Independents Argue Streaming Rate Difference Between Them and Majors Would 'Have Disastrous Consequences'
The fact that the Copyright Royalty Board is -- possibly -- considering setting different rates for different kinds of record labels has the independent label community up in arms.
In addition to A2IM, both Merlin and Worldwide Independent Network (WIN) have come out in support of keeping a single rate for all music suppliers, condemning those speaking in favor of a multi-tier rate payment system. So far, Sony Music Entertainment and the Universal Music Group have come out in favor of multiple rates for different music suppliers. Up until now, the CRB has confined itself to setting a single rate for all music licensors, whether a mom-and-pop indie like Mom + Pop or a major with a deep bench Columbia Records.
The Copyright Royalty Board, which is currently deliberating webcasting rates, has asked the U.S. Register of Copyrights Maria Pallante whether it can set varying royalty rates for different music suppliers.
While some caution that the CRB's question can be interpreted in a number of different ways, and that the CRB judges haven't made clear what they are intending, most industry executives familiar with the sudden turn of events seem to think the CRB might be considering giving the major labels, and their significant market shares, a higher rate than the independents.
"The worldwide independent industry calls for the maintenance of single rate collective licensing in the U.S. as it insures that there can be no discrimination towards artists and companies in an already highly competitive market place," according to a statement issued by WIN, the London-based trade group. "The majors continue to try and split the industry apart to leverage more for themselves at the expense of everyone else. If this is allowed to take root in the US it will have disastrous consequences for the whole industry."
Both Sony Music Entertainment and Universal Music Group filed a joint brief in support of multiple rates. In a brief obtained by Billboard that was submitted on behalf of the two majors by Matthew Oppenheim of the Washington, D.C.-based law firm Oppenheim + Zebrak LLP, the two majors argue that the language in section 114 of the U.S. copyright law supports the setting of multiple rates by using the plural in reference to "rates and terms," but they argue that a "one-size-fits-all approach would defeat the statutory requirement to consider comparability."
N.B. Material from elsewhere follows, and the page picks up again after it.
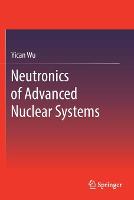 Neutronics of Advanced Nuclear Systems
The brief also says that the Judges should establish rates and terms which would have arisen from negotiations in the marketplace between a willing buyer and willing seller. Where they are diverse buyers and sellers, a marketplace negotiation wouldn't "generate a uniform rate, but a range of negotiated rates," the joint brief opines. "Setting multiple rates for different types of licensors is consistent with and furthers the statutory mandate to consider the terms of voluntary agreements only with respect to comparably situated parties."
The two majors' support for multiple rates is distressing to the independent label sector. Merlin, the organization that represents thousands of independent labels in negotiating licensing deals with digital music service issued a statement saying that it was "created to address serious concerns with the independent sector that the largest labels would abuse their dominance to create a two-class system of rights," which would lead to a system where independent labels and their artists would suffer financially to compensate for the excessive demands imposed on digital services by the big two. "Eight years on… we see our suspicions realized and there is no more doubt about the majors' intentions, which now sit in the open, exposed for all to see," the Merlin statement continued.
It's unclear what prompted the CRB judges to ask the copyright office about multiple rates. The judges are seeking guidance from U.S. Register Pallante because when they finally make their decisions she must review their determination to see that they followed the letter of the law.
"It's bad enough that the regulatory authors are even considering one rate for the big and one rate for the small… but what is really shocking is the positioning of the two 'super majors'… supporting multiple statutory rates," the head of one large independent label tells Billboard. "If you were a detective looking for the clincher, the final piece of evidence that the super majors are no longer acting as responsible market leaders but simply lining their own pockets, you'd need look no further than this."